- Court: High Court of Australia
- Decided: 28 August 2008
- Citations: [2008] HCA 39, (2008) 237 CLR 1

Case history
- Prior actions: [2007] VSCA 134, (2007) 16 VR 454; [2007] VSCA 144;
- Appealed from: Supreme Court of Victoria - Court of Appeal
- Subsequent actions: [2009] VSCA 182, (2009) 23 VR 332;

Court membership
- Judges sitting: Gleeson CJ, Gummow, Kirby, Hayne, Heydon, Crennan and Kiefel JJ

Case opinions
- 6:1 the prosecution did not need to prove that Ms Tang knew or believed that the women were slaves

= R v Tang =

R v Tang is decision of the High Court of Australia.

It is notable as the first criminal conviction for a slavery offence in Australia. The case concerned an appeal the State of Victoria against Wei Tang, the operator of a Melbourne brothel. The case has been described by commentators as 'the most crucial test of the effectiveness of our criminal laws against … slavery ever to come before an Australian court'.

== Facts ==
Tang was convicted in 2006 of 5 counts of intentionally possessing a slave and 5 counts of intentionally exercising a power of ownership over a slave.

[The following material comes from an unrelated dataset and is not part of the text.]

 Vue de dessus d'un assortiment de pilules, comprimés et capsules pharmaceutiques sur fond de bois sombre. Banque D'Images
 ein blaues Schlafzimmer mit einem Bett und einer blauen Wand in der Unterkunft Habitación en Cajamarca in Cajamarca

She was sentenced to 10 years’ imprisonment, with a non-parole period of 6 years. The charges related to five women, all of whom were Thai nationals.

The Victorian Court of Appeal held that the judge's directions to the jury were inadequate, quashed the convictions and ordered that Tang be retried.

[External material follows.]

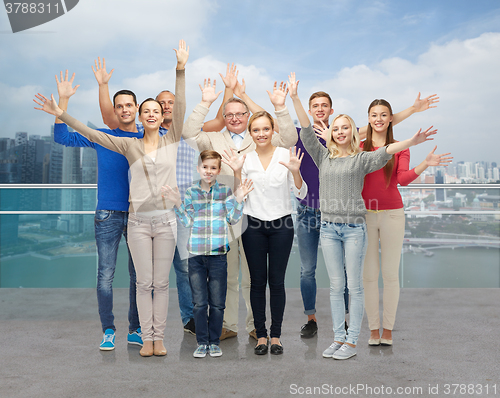 Image of group of smiling people waving hands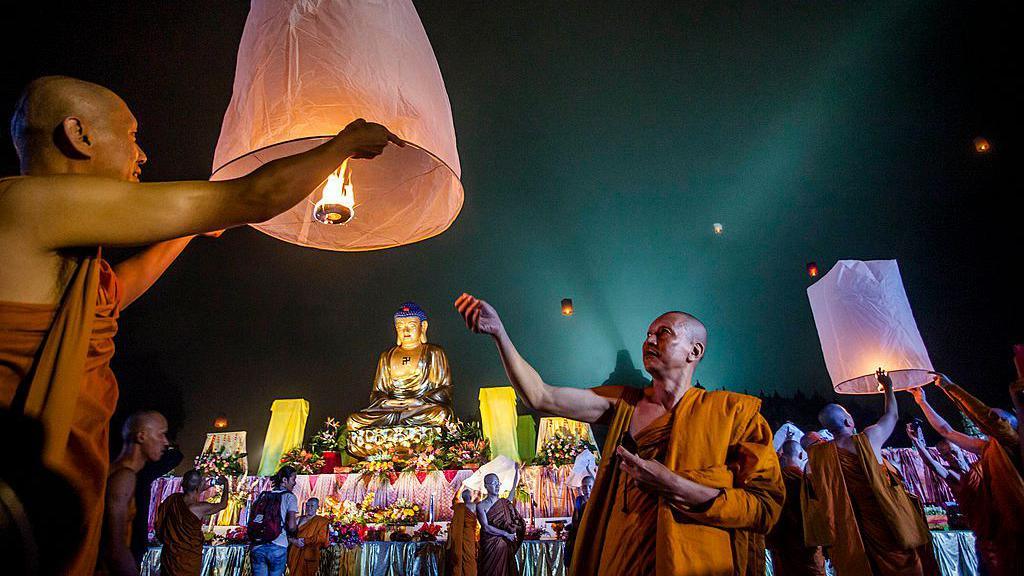 Buddhist monks light and release paper lanterns outside a temple.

The prosecution was given special leave to appeal to the High Court. Tang was given special leave to cross appeal on the meaning and constitutional validity of section 270.3(1)(a) of the Criminal Code.

The majority of the High Court, Gleeson CJ, Gummow, Hayne, Heydon, Crennan and Kiefel JJ, upheld the prosecutions appeal, holding that the prosecution did not need to prove that Ms Tang knew or believed that the women were slaves. Tang's appeal on the meaning and validity of the legislation was dismissed. Kirby J dissented.

The matter was remitted to the Victorian Court of Appeal to consider Tang's appeal against her sentence. The Victorian Court of Appeal upheld her appeal against sentence and Tang was re-sentenced to 9 years’ imprisonment, with a non-parole period of 5 years.